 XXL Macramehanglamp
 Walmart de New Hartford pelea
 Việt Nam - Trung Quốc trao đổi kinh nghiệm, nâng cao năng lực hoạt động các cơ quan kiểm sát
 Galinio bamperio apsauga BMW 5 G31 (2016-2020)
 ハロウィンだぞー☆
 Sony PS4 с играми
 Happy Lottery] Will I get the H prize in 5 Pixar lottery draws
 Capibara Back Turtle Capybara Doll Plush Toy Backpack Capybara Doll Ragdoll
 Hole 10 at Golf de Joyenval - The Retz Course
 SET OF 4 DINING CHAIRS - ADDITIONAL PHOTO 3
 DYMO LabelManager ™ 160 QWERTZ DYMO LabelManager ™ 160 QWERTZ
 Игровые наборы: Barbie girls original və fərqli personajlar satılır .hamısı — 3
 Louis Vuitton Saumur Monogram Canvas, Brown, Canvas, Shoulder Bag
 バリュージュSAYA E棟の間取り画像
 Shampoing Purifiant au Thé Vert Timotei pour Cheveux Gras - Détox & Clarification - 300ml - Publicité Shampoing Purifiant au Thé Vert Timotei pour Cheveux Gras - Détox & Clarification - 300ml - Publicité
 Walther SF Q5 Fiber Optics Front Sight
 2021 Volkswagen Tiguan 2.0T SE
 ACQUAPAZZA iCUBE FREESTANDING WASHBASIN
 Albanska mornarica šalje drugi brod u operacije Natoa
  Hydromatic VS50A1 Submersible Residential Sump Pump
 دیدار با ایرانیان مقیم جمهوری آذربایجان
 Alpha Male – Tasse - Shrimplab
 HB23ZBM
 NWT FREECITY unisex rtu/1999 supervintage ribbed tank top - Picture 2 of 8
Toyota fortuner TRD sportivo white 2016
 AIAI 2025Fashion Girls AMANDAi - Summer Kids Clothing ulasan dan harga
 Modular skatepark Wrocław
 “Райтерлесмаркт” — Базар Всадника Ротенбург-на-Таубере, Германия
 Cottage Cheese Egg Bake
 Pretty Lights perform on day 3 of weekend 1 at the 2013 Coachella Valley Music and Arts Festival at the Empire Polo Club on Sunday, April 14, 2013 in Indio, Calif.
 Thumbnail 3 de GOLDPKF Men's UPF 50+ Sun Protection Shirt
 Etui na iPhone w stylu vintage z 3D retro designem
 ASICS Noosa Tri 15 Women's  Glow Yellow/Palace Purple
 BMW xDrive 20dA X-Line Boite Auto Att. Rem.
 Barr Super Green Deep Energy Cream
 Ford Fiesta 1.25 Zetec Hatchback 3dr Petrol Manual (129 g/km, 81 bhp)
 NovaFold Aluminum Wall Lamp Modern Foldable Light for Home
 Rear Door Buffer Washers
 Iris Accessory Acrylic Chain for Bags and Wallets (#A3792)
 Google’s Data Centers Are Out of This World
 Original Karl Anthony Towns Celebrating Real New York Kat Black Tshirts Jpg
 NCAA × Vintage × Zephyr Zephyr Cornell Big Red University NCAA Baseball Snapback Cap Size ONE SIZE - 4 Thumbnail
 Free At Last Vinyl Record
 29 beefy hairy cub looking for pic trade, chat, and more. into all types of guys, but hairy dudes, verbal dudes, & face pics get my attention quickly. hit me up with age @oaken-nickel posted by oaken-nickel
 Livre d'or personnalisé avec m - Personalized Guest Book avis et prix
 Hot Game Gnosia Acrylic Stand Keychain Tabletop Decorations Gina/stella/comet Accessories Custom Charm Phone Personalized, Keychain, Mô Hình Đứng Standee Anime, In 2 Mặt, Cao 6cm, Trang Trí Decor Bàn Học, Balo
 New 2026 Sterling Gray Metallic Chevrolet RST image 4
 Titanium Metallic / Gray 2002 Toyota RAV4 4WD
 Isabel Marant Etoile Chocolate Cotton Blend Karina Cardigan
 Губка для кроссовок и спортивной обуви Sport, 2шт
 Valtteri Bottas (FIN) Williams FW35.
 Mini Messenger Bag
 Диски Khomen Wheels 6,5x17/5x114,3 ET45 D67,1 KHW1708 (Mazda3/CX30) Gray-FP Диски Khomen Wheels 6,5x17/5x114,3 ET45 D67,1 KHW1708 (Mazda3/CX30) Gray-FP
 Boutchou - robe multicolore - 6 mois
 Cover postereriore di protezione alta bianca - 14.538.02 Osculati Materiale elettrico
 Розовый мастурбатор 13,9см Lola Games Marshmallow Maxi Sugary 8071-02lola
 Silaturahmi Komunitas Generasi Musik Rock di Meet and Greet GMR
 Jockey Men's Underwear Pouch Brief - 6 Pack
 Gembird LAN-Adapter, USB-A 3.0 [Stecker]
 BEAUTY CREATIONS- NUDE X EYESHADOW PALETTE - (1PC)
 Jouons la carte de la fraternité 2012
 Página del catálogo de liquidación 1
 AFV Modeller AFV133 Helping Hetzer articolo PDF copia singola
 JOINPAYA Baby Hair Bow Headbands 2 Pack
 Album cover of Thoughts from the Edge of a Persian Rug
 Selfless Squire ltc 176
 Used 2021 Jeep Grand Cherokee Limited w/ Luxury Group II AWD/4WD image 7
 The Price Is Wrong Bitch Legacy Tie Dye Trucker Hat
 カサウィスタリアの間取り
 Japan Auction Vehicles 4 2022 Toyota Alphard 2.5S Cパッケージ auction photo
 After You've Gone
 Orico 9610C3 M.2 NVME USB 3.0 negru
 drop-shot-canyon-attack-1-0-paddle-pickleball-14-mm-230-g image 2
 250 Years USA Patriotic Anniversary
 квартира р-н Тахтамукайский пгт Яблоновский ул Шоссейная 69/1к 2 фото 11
# # # # #
**PROBLEM TO SOLVE**
Leave out every line above except those from the line with "Việt Nam - Trung" up to and including the line with "Ford Fiesta 1.25", and copy those exactly.

**EXPECTED ANSWER**
 Việt Nam - Trung Quốc trao đổi kinh nghiệm, nâng cao năng lực hoạt động các cơ quan kiểm sát
 Galinio bamperio apsauga BMW 5 G31 (2016-2020)
 ハロウィンだぞー☆
 Sony PS4 с играми
 Happy Lottery] Will I get the H prize in 5 Pixar lottery draws
 Capibara Back Turtle Capybara Doll Plush Toy Backpack Capybara Doll Ragdoll
 Hole 10 at Golf de Joyenval - The Retz Course
 SET OF 4 DINING CHAIRS - ADDITIONAL PHOTO 3
 DYMO LabelManager ™ 160 QWERTZ DYMO LabelManager ™ 160 QWERTZ
 Игровые наборы: Barbie girls original və fərqli personajlar satılır .hamısı — 3
 Louis Vuitton Saumur Monogram Canvas, Brown, Canvas, Shoulder Bag
 バリュージュSAYA E棟の間取り画像
 Shampoing Purifiant au Thé Vert Timotei pour Cheveux Gras - Détox & Clarification - 300ml - Publicité Shampoing Purifiant au Thé Vert Timotei pour Cheveux Gras - Détox & Clarification - 300ml - Publicité
 Walther SF Q5 Fiber Optics Front Sight
 2021 Volkswagen Tiguan 2.0T SE
 ACQUAPAZZA iCUBE FREESTANDING WASHBASIN
 Albanska mornarica šalje drugi brod u operacije Natoa
  Hydromatic VS50A1 Submersible Residential Sump Pump
 دیدار با ایرانیان مقیم جمهوری آذربایجان
 Alpha Male – Tasse - Shrimplab
 HB23ZBM
 NWT FREECITY unisex rtu/1999 supervintage ribbed tank top - Picture 2 of 8
Toyota fortuner TRD sportivo white 2016
 AIAI 2025Fashion Girls AMANDAi - Summer Kids Clothing ulasan dan harga
 Modular skatepark Wrocław
 “Райтерлесмаркт” — Базар Всадника Ротенбург-на-Таубере, Германия
 Cottage Cheese Egg Bake
 Pretty Lights perform on day 3 of weekend 1 at the 2013 Coachella Valley Music and Arts Festival at the Empire Polo Club on Sunday, April 14, 2013 in Indio, Calif.
 Thumbnail 3 de GOLDPKF Men's UPF 50+ Sun Protection Shirt
 Etui na iPhone w stylu vintage z 3D retro designem
 ASICS Noosa Tri 15 Women's  Glow Yellow/Palace Purple
 BMW xDrive 20dA X-Line Boite Auto Att. Rem.
 Barr Super Green Deep Energy Cream
 Ford Fiesta 1.25 Zetec Hatchback 3dr Petrol Manual (129 g/km, 81 bhp)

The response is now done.